Tout d’abord, la Chambre du Peuple a accepté le projet visant à introduire la mesure dite d’internement, c’est à dire un enfermement à durée illimitée, pour des auteurs ayant commis un assassinat après l’âge de 16 ans, et qui présentent un sérieux risque de récidive à la fin de l’exécution de leur sanction. L’énoncé en dit déjà long sur le nombre de situations potentiellement concernées. Dans son intervention au Journal télévisé du 28 février, l’ancienne juge des mineurs, Madame Fabienne Proz Jeanneret, confirmait que les peines de prison ferme ne concernent qu’un pour-cent des dossiers traités en Suisse (ce qui ne signifie pas encore que ces derniers soient tous concernés par la nouvelle disposition pénale). On peut dès lors s’interroger sur les raisons qui ont motivé nos parlementaires à lancer la machine législative sur un problème statistiquement marginal, d’autant plus que la réponse proposée va à l’encontre des valeurs progressistes soutenant le droit pénal des mineurs. Par sa durée indéterminée, l’internement est probablement la pire mesure qui soit, puisqu’elle empêche toute perspective d’avenir et de projet de réinsertion. 

Le même jour donc, la même Chambre, a définitivement enterré le droit de vote à 16 ans. Le motif principal repris dans les médias étant que « l’’introduction du droit de vote à 16 ans entrerait en contradiction avec les droits et devoirs civils et pénaux prévus pour les citoyens et citoyennes suisses à partir de 18 ans » (…) et qu’il est « problématique de définir des âges différents pour le droit de vote et le droit d’éligibilité ». En d’autres termes, il serait impossible de faire comprendre aux intéressés qu’ils auraient pu avoir le droit de voter à 16 ans, mais qu’ils auraient dû attendre leurs 18 ans pour pouvoir être élu. 

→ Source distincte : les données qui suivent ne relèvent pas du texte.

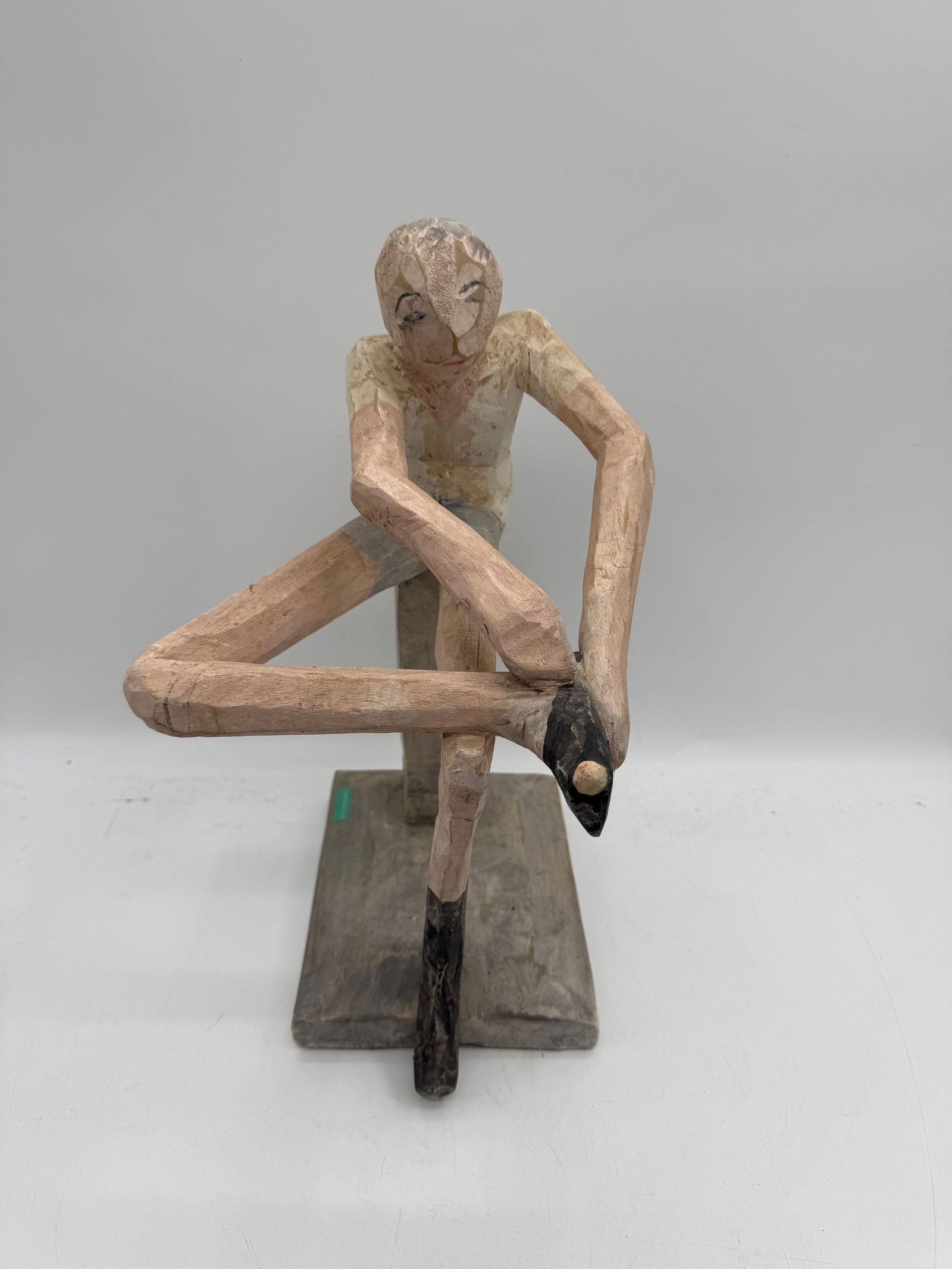 Folk Art Carved Wood Figure: Carved wood figure depicting a reclining figure with legs raised. Mounted on a wood block. Approximate dimensions: 19 x 8 x 10 inches.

Si la vacuité des arguments n’a pas empêché l’adoption de ces décisions aux forts relents réactionnaires, il apparaît que leur contenu essentiellement contradictoire ait échappé aux débats. En effet, toutes deux concernent la population des mineurs dès 16 ans. Or, si d’un côté nos parlementaires estiment que les jeunes ne sont pas suffisamment matures à cet âge pour faire la différence entre droit de vote et éligibilité, de l’autre, nos élus considèrent que cette même immaturité ne saurait en rien justifier une approche différenciée de la sanction pénale.

En l’absence de discussions sur le fond, il semble donc que la peur soit un moteur suffisant pour renforcer inutilement l’arsenal pénal, ou pour préserver le monde politique des assauts démocratiques d’une jeunesse bouillonnante.